▶ **EXERCISE PROMPT**
All entries shown below should be duplicated character for character.

--- RECORDS FOR PROCESSING Enclosed Below ---

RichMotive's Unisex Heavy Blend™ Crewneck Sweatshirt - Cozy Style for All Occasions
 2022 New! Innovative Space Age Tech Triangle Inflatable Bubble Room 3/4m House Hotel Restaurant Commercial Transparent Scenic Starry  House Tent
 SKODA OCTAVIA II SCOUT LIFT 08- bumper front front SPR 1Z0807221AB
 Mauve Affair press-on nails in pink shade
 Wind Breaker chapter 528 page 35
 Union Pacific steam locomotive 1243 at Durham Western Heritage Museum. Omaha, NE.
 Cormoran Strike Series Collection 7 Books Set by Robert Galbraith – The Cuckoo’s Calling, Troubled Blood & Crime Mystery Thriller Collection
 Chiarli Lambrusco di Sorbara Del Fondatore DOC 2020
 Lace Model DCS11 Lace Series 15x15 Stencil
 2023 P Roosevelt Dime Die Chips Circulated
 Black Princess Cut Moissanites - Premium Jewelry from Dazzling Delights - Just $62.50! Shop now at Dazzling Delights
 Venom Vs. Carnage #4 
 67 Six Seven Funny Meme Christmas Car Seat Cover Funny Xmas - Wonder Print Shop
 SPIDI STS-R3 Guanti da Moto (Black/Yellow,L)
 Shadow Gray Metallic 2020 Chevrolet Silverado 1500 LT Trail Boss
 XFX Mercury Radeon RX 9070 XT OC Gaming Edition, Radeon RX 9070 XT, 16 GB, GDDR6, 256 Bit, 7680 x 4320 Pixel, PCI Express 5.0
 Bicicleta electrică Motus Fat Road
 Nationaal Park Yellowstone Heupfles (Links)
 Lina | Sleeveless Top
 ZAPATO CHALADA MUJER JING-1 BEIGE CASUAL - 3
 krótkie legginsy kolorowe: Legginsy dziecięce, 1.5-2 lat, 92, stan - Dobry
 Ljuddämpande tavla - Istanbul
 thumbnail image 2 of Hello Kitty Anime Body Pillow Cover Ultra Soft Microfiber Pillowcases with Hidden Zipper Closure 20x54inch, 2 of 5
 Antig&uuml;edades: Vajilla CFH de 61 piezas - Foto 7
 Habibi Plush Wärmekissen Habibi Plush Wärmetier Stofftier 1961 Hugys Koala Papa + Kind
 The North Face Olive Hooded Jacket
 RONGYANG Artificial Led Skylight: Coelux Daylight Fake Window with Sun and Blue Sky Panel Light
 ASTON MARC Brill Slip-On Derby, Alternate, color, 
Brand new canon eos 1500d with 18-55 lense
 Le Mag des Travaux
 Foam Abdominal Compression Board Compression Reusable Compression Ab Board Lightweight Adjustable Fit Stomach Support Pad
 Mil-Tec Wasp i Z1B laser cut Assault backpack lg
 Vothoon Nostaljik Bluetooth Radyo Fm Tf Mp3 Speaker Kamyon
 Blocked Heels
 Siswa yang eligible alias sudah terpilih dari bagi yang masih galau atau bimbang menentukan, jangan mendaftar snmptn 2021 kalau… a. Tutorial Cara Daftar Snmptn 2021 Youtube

--- End of Enclosed RECORDS FOR PROCESSING ---

▶ **EXERCISE SOLUTION**
RichMotive's Unisex Heavy Blend™ Crewneck Sweatshirt - Cozy Style for All Occasions
 2022 New! Innovative Space Age Tech Triangle Inflatable Bubble Room 3/4m House Hotel Restaurant Commercial Transparent Scenic Starry  House Tent
 SKODA OCTAVIA II SCOUT LIFT 08- bumper front front SPR 1Z0807221AB
 Mauve Affair press-on nails in pink shade
 Wind Breaker chapter 528 page 35
 Union Pacific steam locomotive 1243 at Durham Western Heritage Museum. Omaha, NE.
 Cormoran Strike Series Collection 7 Books Set by Robert Galbraith – The Cuckoo’s Calling, Troubled Blood & Crime Mystery Thriller Collection
 Chiarli Lambrusco di Sorbara Del Fondatore DOC 2020
 Lace Model DCS11 Lace Series 15x15 Stencil
 2023 P Roosevelt Dime Die Chips Circulated
 Black Princess Cut Moissanites - Premium Jewelry from Dazzling Delights - Just $62.50! Shop now at Dazzling Delights
 Venom Vs. Carnage #4 
 67 Six Seven Funny Meme Christmas Car Seat Cover Funny Xmas - Wonder Print Shop
 SPIDI STS-R3 Guanti da Moto (Black/Yellow,L)
 Shadow Gray Metallic 2020 Chevrolet Silverado 1500 LT Trail Boss
 XFX Mercury Radeon RX 9070 XT OC Gaming Edition, Radeon RX 9070 XT, 16 GB, GDDR6, 256 Bit, 7680 x 4320 Pixel, PCI Express 5.0
 Bicicleta electrică Motus Fat Road
 Nationaal Park Yellowstone Heupfles (Links)
 Lina | Sleeveless Top
 ZAPATO CHALADA MUJER JING-1 BEIGE CASUAL - 3
 krótkie legginsy kolorowe: Legginsy dziecięce, 1.5-2 lat, 92, stan - Dobry
 Ljuddämpande tavla - Istanbul
 thumbnail image 2 of Hello Kitty Anime Body Pillow Cover Ultra Soft Microfiber Pillowcases with Hidden Zipper Closure 20x54inch, 2 of 5
 Antig&uuml;edades: Vajilla CFH de 61 piezas - Foto 7
 Habibi Plush Wärmekissen Habibi Plush Wärmetier Stofftier 1961 Hugys Koala Papa + Kind
 The North Face Olive Hooded Jacket
 RONGYANG Artificial Led Skylight: Coelux Daylight Fake Window with Sun and Blue Sky Panel Light
 ASTON MARC Brill Slip-On Derby, Alternate, color, 
Brand new canon eos 1500d with 18-55 lense
 Le Mag des Travaux
 Foam Abdominal Compression Board Compression Reusable Compression Ab Board Lightweight Adjustable Fit Stomach Support Pad
 Mil-Tec Wasp i Z1B laser cut Assault backpack lg
 Vothoon Nostaljik Bluetooth Radyo Fm Tf Mp3 Speaker Kamyon
 Blocked Heels
 Siswa yang eligible alias sudah terpilih dari bagi yang masih galau atau bimbang menentukan, jangan mendaftar snmptn 2021 kalau… a. Tutorial Cara Daftar Snmptn 2021 Youtube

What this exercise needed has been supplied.